Nell’ambito di una consolidata strategia dei controlli volti a garantire la sicurezza alimentare a tutela della salute del consumatore, principale compito istituzionale, di concerto con il Ministero della Salute, il Comando Carabinieri per la Tutela della Salute, nel mese di maggio, ha eseguito mirate verifiche in campo nazionale presso strutture appartenenti alla filiera della commercializzazione e somministrazione di prodotti alimentari etnici, ovvero di produzione e preparazione enogastronomiche essenzialmente riconducibili a culture di Paesi extra europei.

“Particolare attenzione è stata riservata agli esercizi di ristorazione veloce e a quelli che adottano la formula “all you can eat” per accertare che mantengano i livelli essenziali di corretta prassi igienica e la fornitura di materie prime idonee ad assicurare un livello accettabile di sicurezza per il consumatore – chiarisce il generale di divisione Adelmo Lusi.

Nel solo mese di maggio 2019, periodo nel quale è stato rafforzato il dispositivo di controllo allo specifico settore, i NAS hanno effettuato 515 ispezioni che hanno determinato l’accertamento di irregolarità in 242 strutture (pari al 47% circa degli obiettivi controllati).
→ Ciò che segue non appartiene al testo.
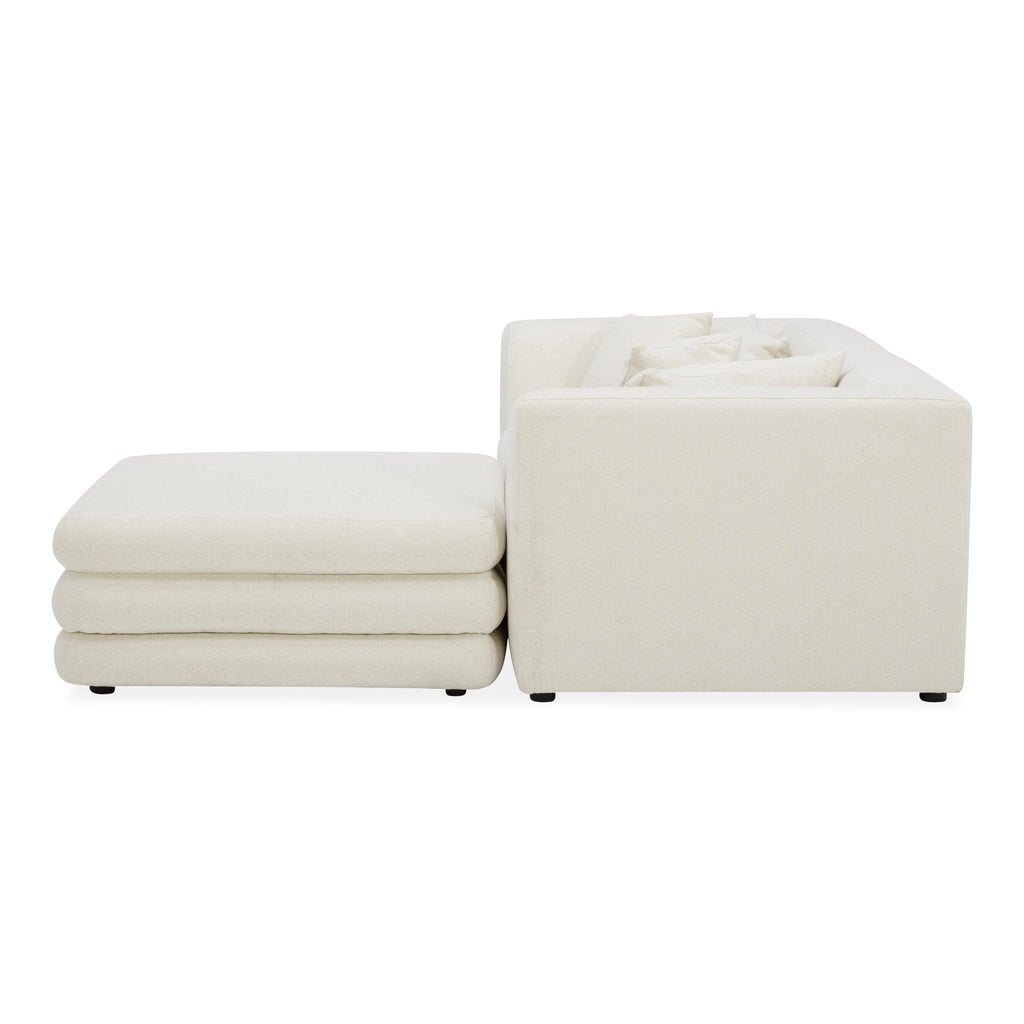 Moe's Home Lowtide Nook Modular Sectional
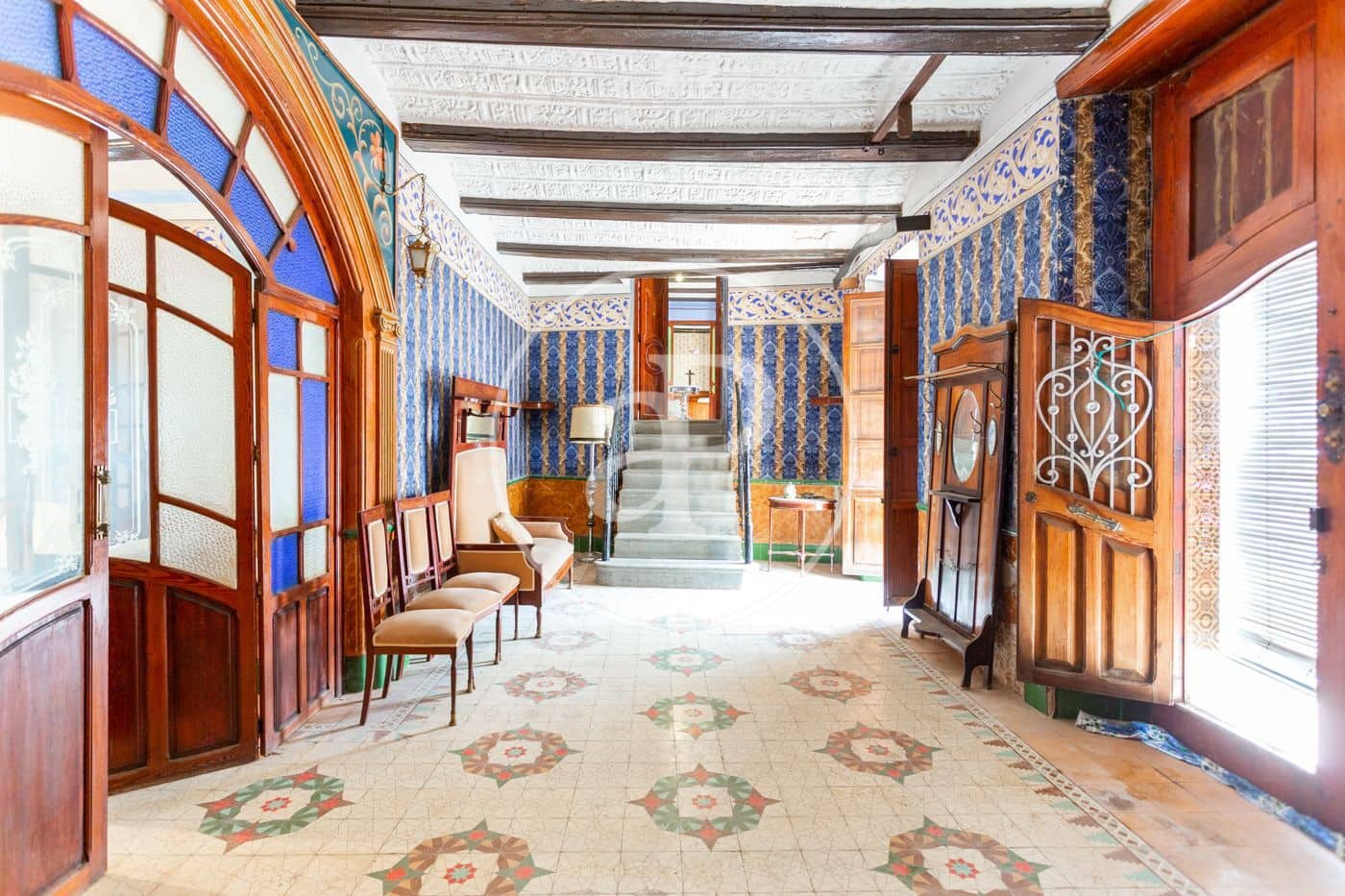 6 soveværelse Villa til salg i Gandia - € 300.000 (Ref: 7600777)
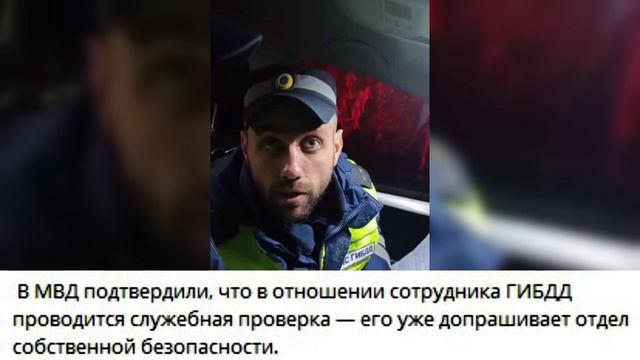 Такие вот силовички стерегут в нашей стране СВОЙ покой...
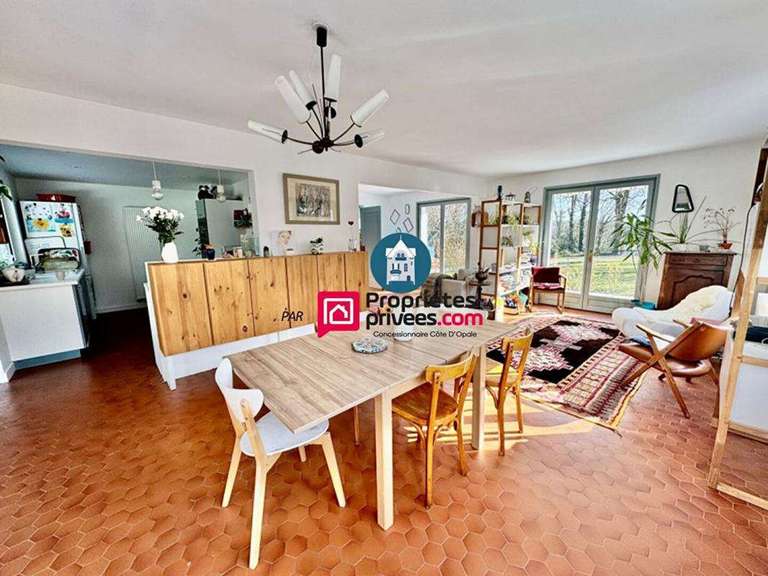 Maison Wimille - 5 chambres
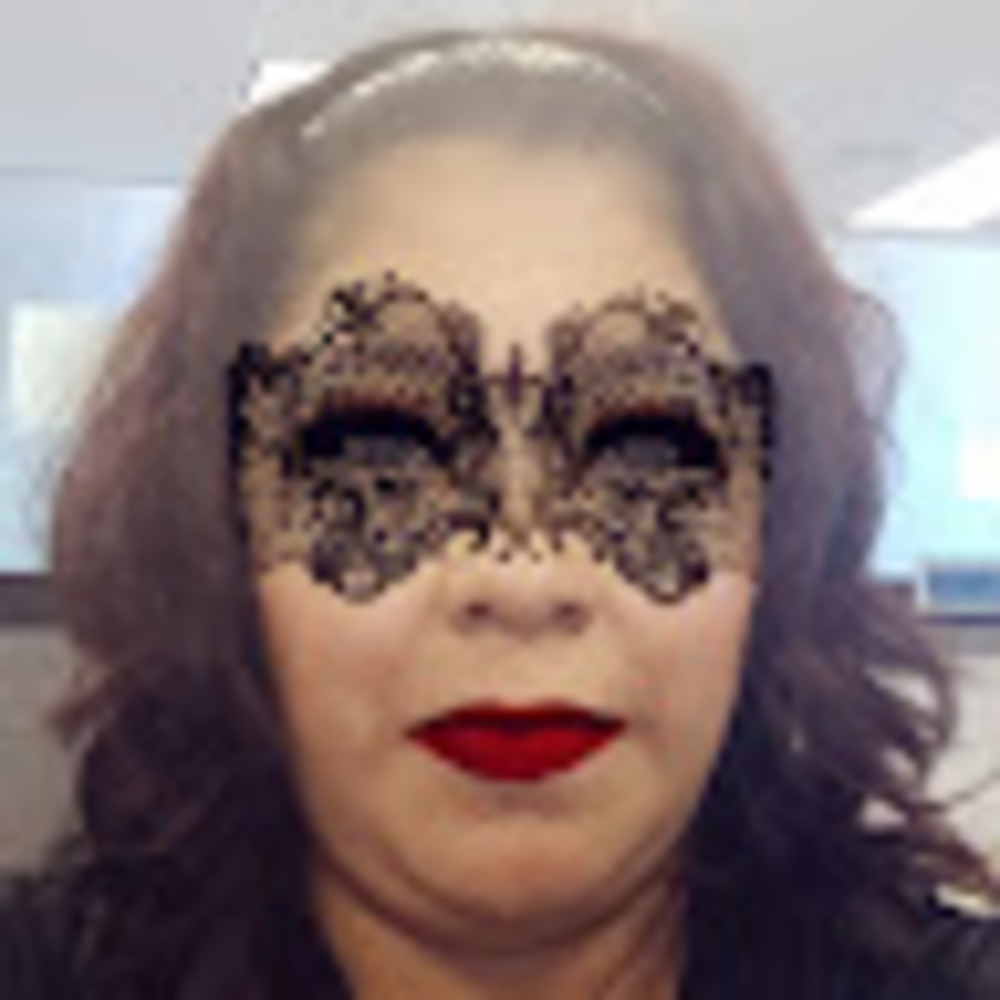 Meet your Posher, Mary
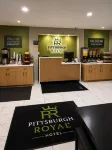 Super 8 by Wyndham Pittsburgh PA Airport/University Area - 2-Star
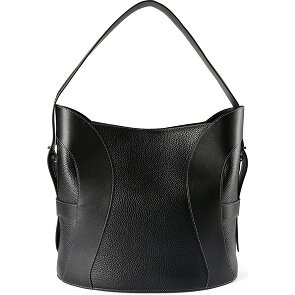 AIGNER Deborah Shopper Tas Leer 36 cm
L’incidenza delle non conformità è sicuramente maggiore nel settore della ristorazione, dove il 48% dei locali controllati ha presentato delle irregolarità, mentre tale valore si riduce al 41% nei controlli a grossisti e depositi di alimenti etnici.

“Il piano di controlli – specifica il generale Lusi – è stato realizzato con una metodologia finalizzata alla verifica del puntuale a rigoroso rispetto delle procedure di preparazione, conservazione e somministrazione degli alimenti, dello stato igienico e strutturale dei locali di ristorazione e degli esercizi di vendita al dettaglio di prodotti preconfezionati, del mantenimento della catena del freddo soprattutto in relazione ai cibi da mangiare crudi, estendendo la vigilanza anche ai canali di importazione e distribuzione delle derrate alimentari e delle materie prime provenienti da Paesi esteri, gestiti da aziende di commercio all’ingrosso, di deposito e di trasporto”.

Tra le criticità riscontrate, sono stati rilevati alimenti in cattivo stato di conservazione, procedure preventive di autocontrollo aziendali inosservate o addirittura mai predisposte, utilizzo di alimenti con etichettature non in lingua italiana o prive di informazioni utili per ricostruirne la rintracciabilità, in alcuni casi materie prime di origine animale provenienti da Stati asiatici importate in violazione ai divieti esistenti.

È stato altresì riscontrato che, sebbene i servizi di ristorazione impieghino prevalentemente derrate alimentari di origine nazionale o dell’UE, non sempre la loro qualità e igiene è assicurata lungo la filiera gestionale dei prodotti. Infatti, complessivamente, sono state sequestrate 128 tonnellate di prodotti ittici, carnei e vegetali riscontrate irregolari e non idonee al consumo perché prevalentemente privi di tracciabilità ed in cattivo stato di conservazione, per un valore commerciale di circa 232 mila euro.

Nel corso delle attività è stato constatato l’uso di magazzini abusivi di stoccaggio dei prodotti, cucine mantenute in pessime condizioni igienico-sanitarie, ambienti mancanti dei minimi requisiti sanitari, strutturali e di sicurezza per i lavoratori, che hanno comportato l’applicazione di provvedimenti di chiusura o sospensione dell’attività a carico di 22 imprese commerciali, il cui valore economico ammonta ad oltre 5 milioni e 300 mila euro.
Complessivamente sono state contestate 477 violazioni penali ed amministrative, deferendo all’Autorità Giudiziaria 23 operatori del settore alimentare, mentre ulteriori 281 sono stati sanzionati per infrazioni amministrative, per un ammontare di 411 mila euro. In ambito penale i reati maggiormente riscontrati, in totale 27, sono stati la frode in commercio e la cattiva conservazione degli alimenti. Molti infatti i casi accertati dai NAS in cui la somministrazione degli alimenti era, per qualità, diversa da quella dichiarata al consumatore a cui, spesso, veniva celato l’originario stato fisico “congelato” dei prodotti ittici serviti nei ristoranti e tavole calde.